From Terraform to Production: Our Infrastructure-as-Code Journey

Managing 200+ resources across Morocco, Senegal, and Cote d'Ivoire required more than Terraform modules. We built a custom provider, a drift detection system, and a deployment pipeline that validates before it applies.

Intermediate Level

HarchOS data center facility at night with automated infrastructure management

Harch Intelligence's infrastructure spans 200+ resources across three countries: Morocco (Dakhla, Tangier, Casablanca), Senegal (Dakar), and Cote d'Ivoire (Abidjan). These resources include GPU clusters, network fabric, storage arrays, cooling systems, power distribution units, and monitoring infrastructure — each with a configuration surface that is more complex than a typical cloud VM. Managing this infrastructure manually was never an option. We adopted Terraform as our infrastructure-as-code platform in early 2025, and within four months we had hit the limits of what off-the-shelf Terraform could do for our use case. This article describes those limits, the custom tooling we built to overcome them, and the deployment pipeline that ensures every infrastructure change is validated before it reaches production.
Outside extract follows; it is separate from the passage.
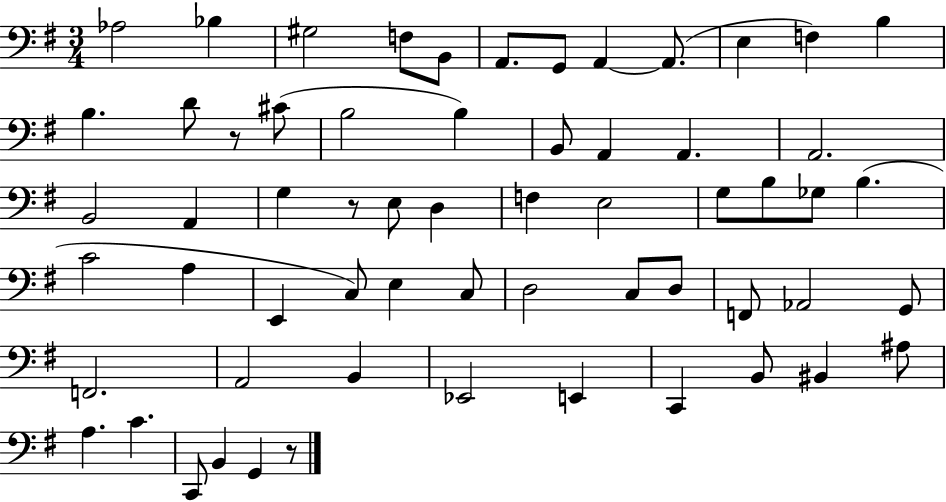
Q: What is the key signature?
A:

The first limitation was provider support. Terraform has excellent providers for AWS, GCP, and Azure, but no provider exists for our GPU cluster management API, our custom cooling control system, or our sovereign data residency enforcement engine. We needed to manage these resources through Terraform, which meant writing a custom provider. The HarchOS Terraform Provider, written in Go, exposes 23 resource types and 12 data sources that map to HarchOS API endpoints. Resource types include harchos_gpu_cluster (manages a GPU cluster's configuration, including topology, cooling, and jurisdiction tags), harchos_pipeline (manages a SENSE-THINK-ACT pipeline definition), harchos_sovereignty_policy (manages data residency rules), and harchos_monitoring_alert (manages SENTINEL alerting rules). The provider implements full CRUD operations with plan-time validation — for example, a sovereignty policy that references a non-existent jurisdiction is caught during terraform plan, not during terraform apply. The provider is open source under the Apache 2.0 license and available on the Terraform Registry.
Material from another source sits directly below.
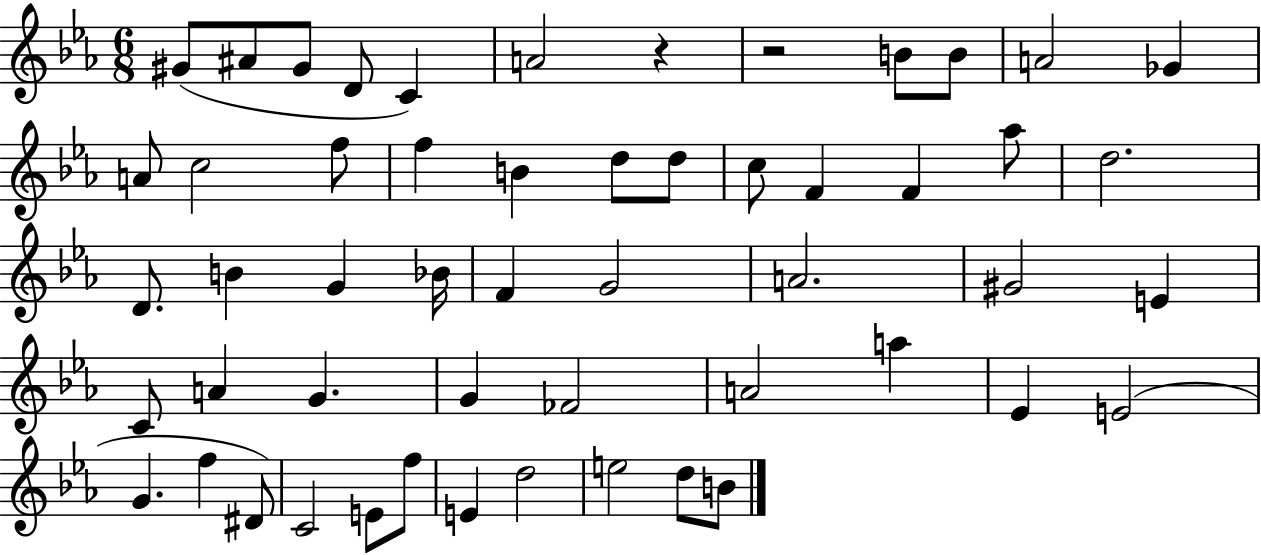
G#4/e A#4/e G#4/e D4/e C4/q A4/h R/q R/h B4/e B4/e A4/h Gb4/q A4/e C5/h F5/e F5/q B4/q D5/e D5/e C5/e F4/q F4/q Ab5/e D5/h. D4/e. B4/q G4/q Bb4/s F4/q G4/h A4/h. G#4/h E4/q C4/e A4/q G4/q. G4/q FES4/h A4/h A5/q Eb4/q E4/h G4/q. F5/q D#4/e C4/h E4/e F5/e E4/q D5/h E5/h D5/e B4/e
The second limitation was drift detection. Terraform's state file represents the desired state of infrastructure, but the actual state can diverge due to manual changes, hardware failures, or API inconsistencies. In a conventional cloud environment, drift is an inconvenience. In our environment, drift can violate data sovereignty — a GPU that is physically moved from a Moroccan hub to a Senegalese hub without a corresponding Terraform state update would cause the sovereignty policy to route data to the wrong jurisdiction. We built a drift detection system that runs every 15 minutes and compares the actual state of every resource (queried from the HarchOS API) against the Terraform state file. If any attribute differs, the system generates a drift report that includes the resource identifier, the attribute that changed, the expected value, and the actual value. Critical drifts — those affecting jurisdiction tags, GPU topology, or security policies — trigger an automatic alert to the on-call engineer and a suggestion to run terraform plan to visualize the remediation. Non-critical drifts (for example, a cooling setpoint that was adjusted manually) are logged for review during the next maintenance window. The drift detection system has caught 47 drifts in 9 months, of which 6 were jurisdiction-critical and would have resulted in data being routed to the wrong hub if left uncorrected.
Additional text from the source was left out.